Example 1: Young Voter (Rule 1)

  • Birth year: 2008
  • 2022 primary exists: age 14 (under 18) ✗
  • 2024 primary exists: age 16 (under 18) ✗
  • 2026 primary: age 18 ✓
  • Result: FIRST-TIME VOTER (was too young before)

Example 2: Older Voter in Well-Documented County (Rule 2)

  • Birth year: 1980 (age 46)
  • County: Hidalgo
  • Prior elections: 2020, 2022, 2024 (3 elections)
  • No record in any prior election
  • Result: FIRST-TIME VOTER (never voted despite being eligible)

Example 3: Older Voter in Poorly-Documented County

  • Birth year: 1980 (age 46)
  • County: Brooks
  • Prior elections: 2026 only (1 election)
  • No record in prior elections
  • Result: NOT FIRST-TIME (insufficient data - might have voted in 2018)
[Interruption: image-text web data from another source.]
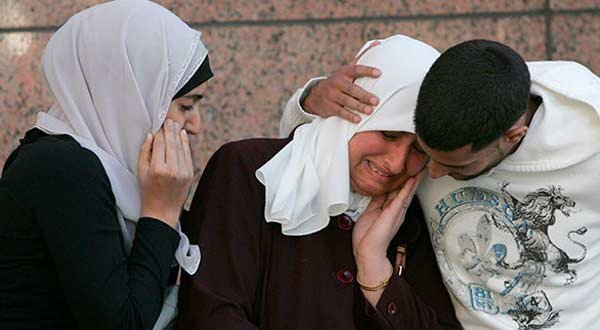 Zolfa Elaydi, center, with her children Fidaa, left, and Jihad, reacting to news that the leaders of Al Harmain Foundation had been convicted in Dallas. AP photo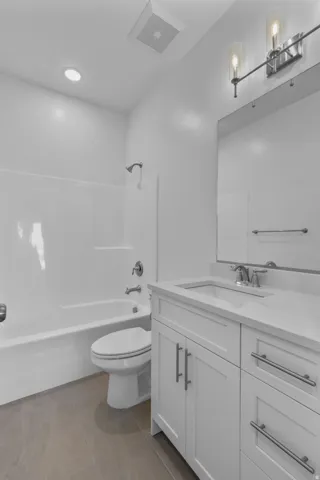 Bathroom vanity featuring a quartz countertop, integrated sink, and white shaker-style cabinetry with brushed nickel hardware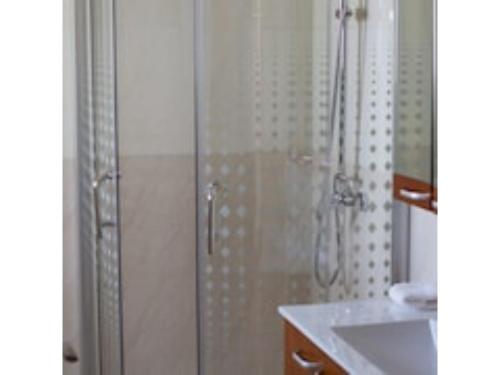 a bathroom with a shower and a sink at O'sinkirri in Nairobi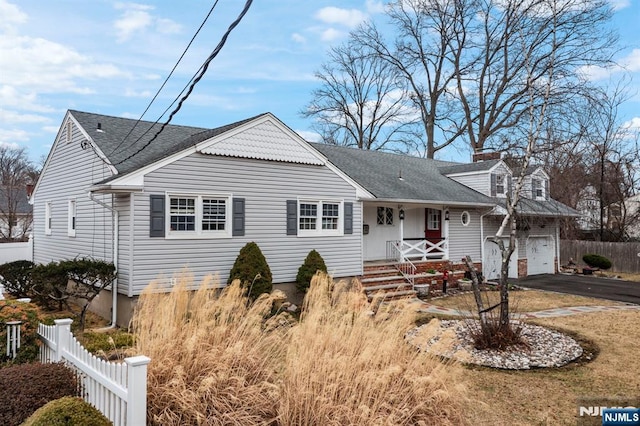 view of front of property featuring driveway, a porch, fence, roof with shingles, and a garage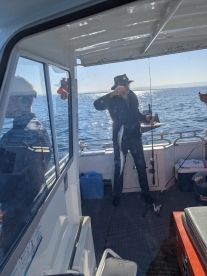 An angler reeling in a fish aboard a fishing boat, showcasing the excitement of the catch in a sunny marine environment.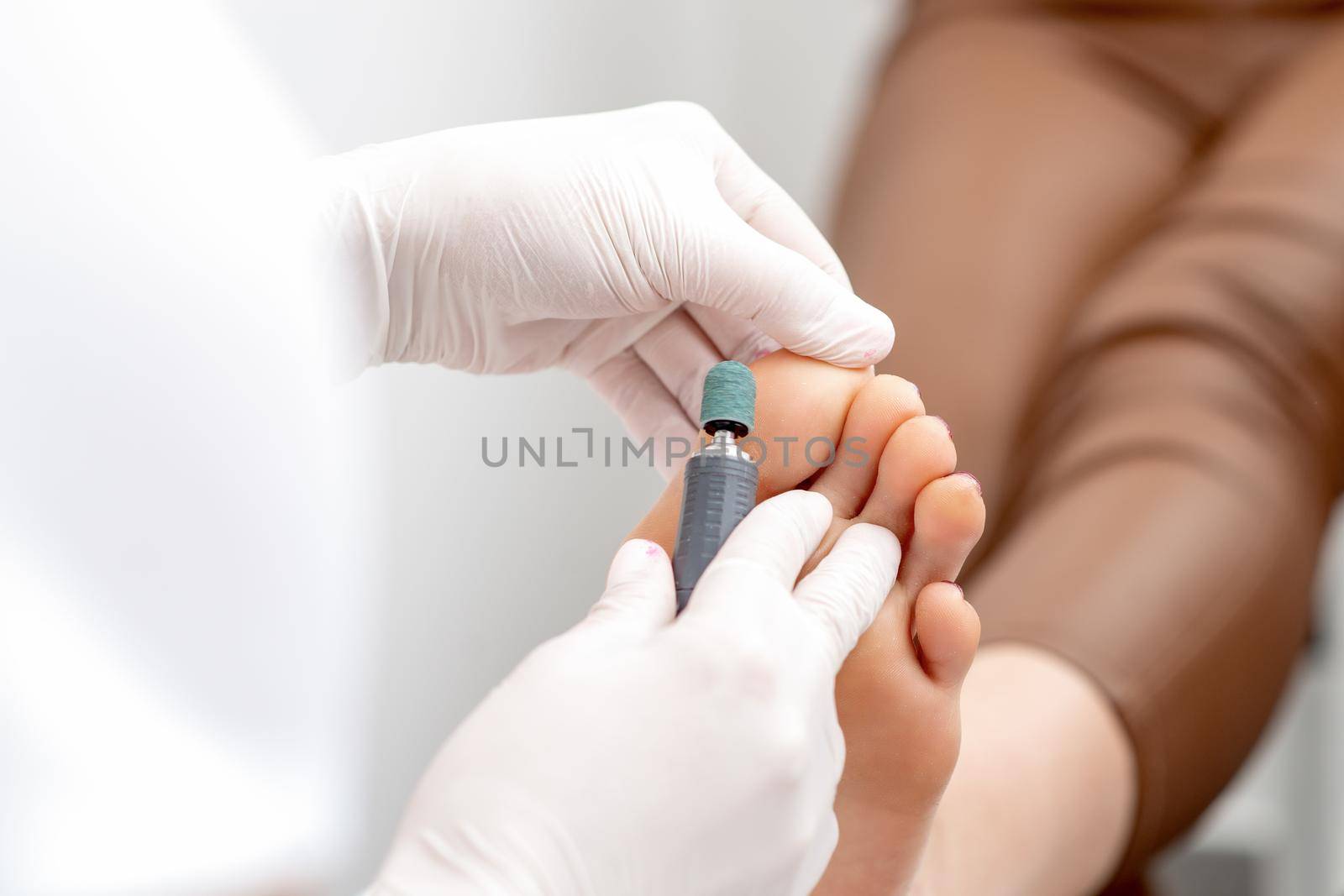 Peeling feet pedicure procedure from callus on foot by hands of podiatrist in white gloves at beauty salon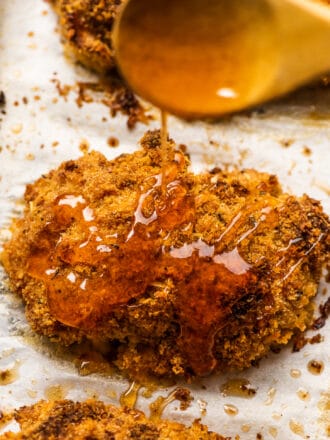 Hot honey being drizzled over crispy chicken.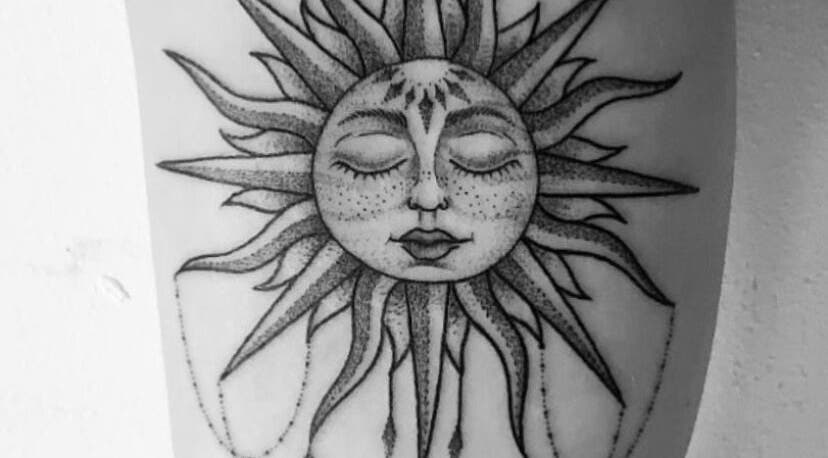Artistic sun face tattoo at BeniSpirit.Art, Stockton-on-Tees, England, GB.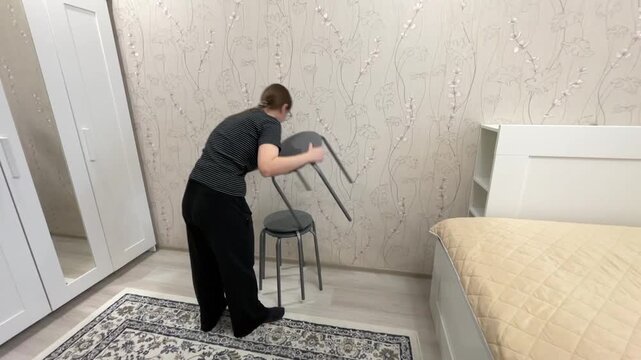 Woman arranging stackable stools beside bed, interior stylist aligns three metal stools in corner, testing balance, optimizing small space, patterned rug and neutral bedspread visible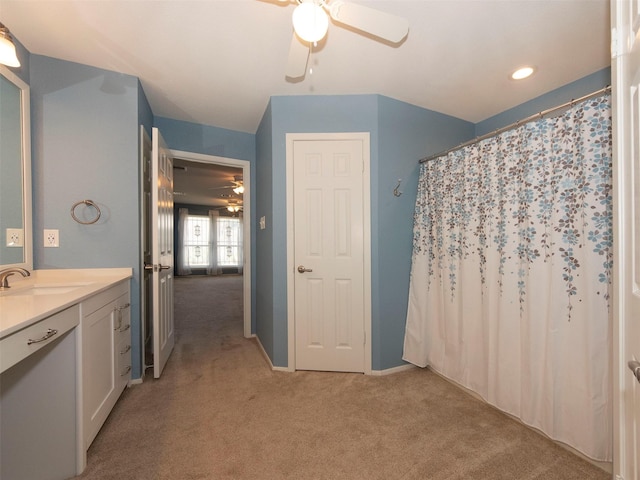 bathroom with vanity, a shower with curtain, and ceiling fan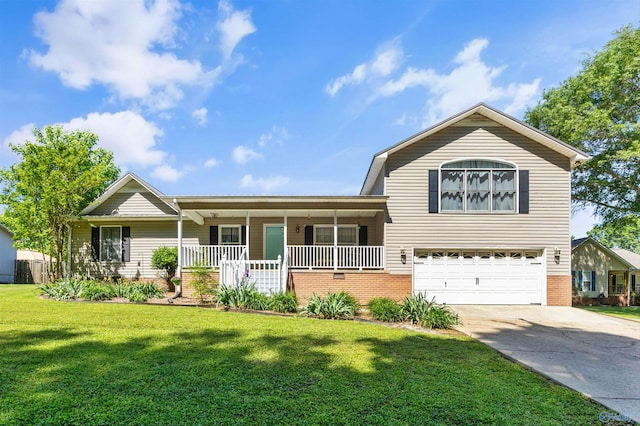 525 10th St, Arab, AL 35016 - tri-level home with covered porch, a front yard, a garage, and brick siding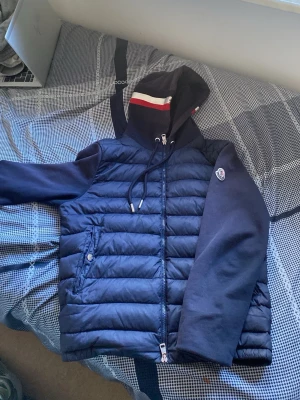 Mörkblå pufferjacka från Moncler - Snygg mörkblå pufferjacka från Moncler med vadderad front, mjuka ärmar och huva med röd och vit rand. Jackan har dragkedja, två fickor med knappar och Moncler-logga på ärmen. Perfekt för kalla dagar och riktigt trendig stil. Storlek S 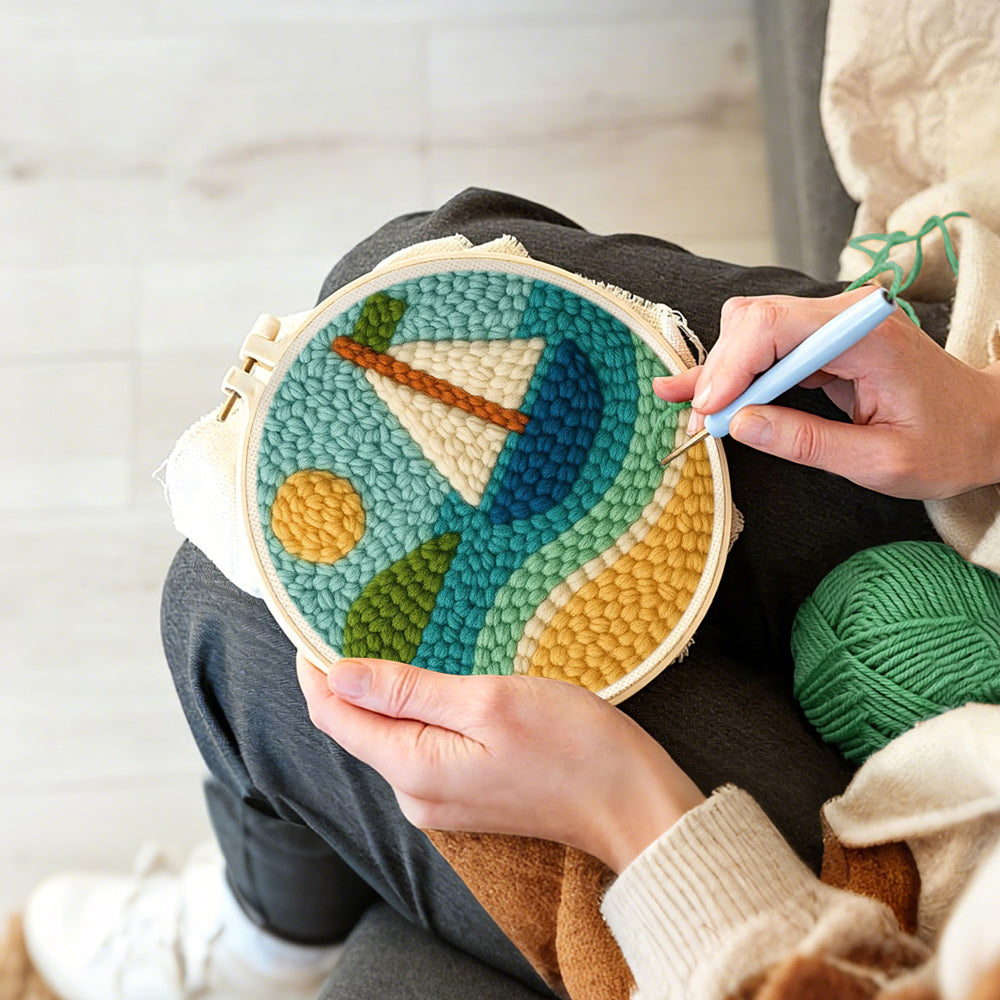 Creating handmade sunny sailboat on blue waves punch needle artwork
Example 4: Voter Who Voted Before

  • Birth year: 2000 (age 26)
  • Voted in 2024 primary
  • Result: NOT FIRST-TIME (has prior history)

County Classification

Based on your data:

3+ Prior Elections (Rule 2 applies):

  • Hidalgo: 2020(?), 2022, 2024, 2026 → Count all with no prior history

<3 Prior Elections (Only Rule 1 applies):

  • Most other counties: Only 2026 data → Only count newly eligible voters

Implementation Steps

  1. Update database.py flag-setting logic
  2. Update database.py stats calculation
  3. Update app.py API endpoints
  4. Update reports.py report generation
  5. Update processor.py CSV import
  6. Add county prior election count cache
  7. Regenerate all cached data
  8. Verify with audit script

Performance Optimization

Cache the county prior election counts:

# At startup or periodically
COUNTY_PRIOR_ELECTION_COUNTS = {
    'Hidalgo': 3,
    'Cameron': 1,
    'Willacy': 1,
    # ... etc
}

This avoids repeated queries for the same county.